### The data
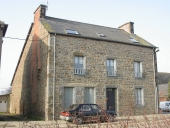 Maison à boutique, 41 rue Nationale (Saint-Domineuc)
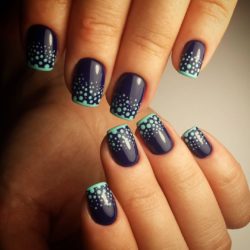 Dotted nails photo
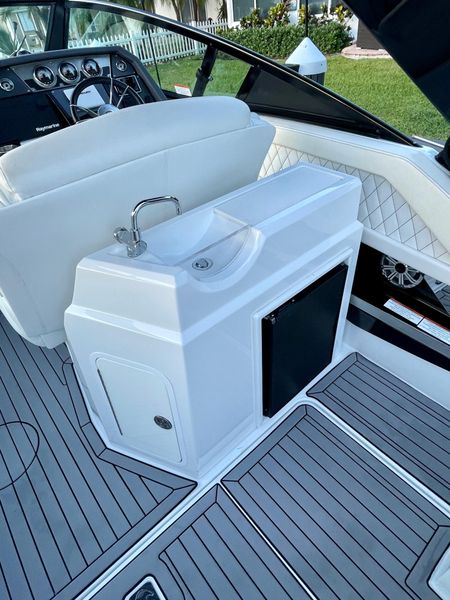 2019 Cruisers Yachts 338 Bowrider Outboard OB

...

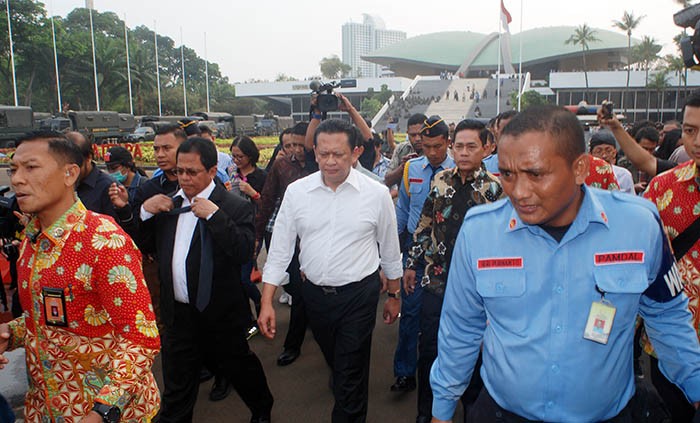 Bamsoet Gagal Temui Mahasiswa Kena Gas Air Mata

==

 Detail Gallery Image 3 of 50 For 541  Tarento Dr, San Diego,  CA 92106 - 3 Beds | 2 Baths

### Your assignment
Write out, word for word, the stretch of entries that begins at the line with "Maison à boutique, 41" and ends at the line with "2019 Cruisers Yachts". Pictures do not belong in it.

### Answer to this problem
 Maison à boutique, 41 rue Nationale (Saint-Domineuc)
 Dotted nails photo
 2019 Cruisers Yachts 338 Bowrider Outboard OB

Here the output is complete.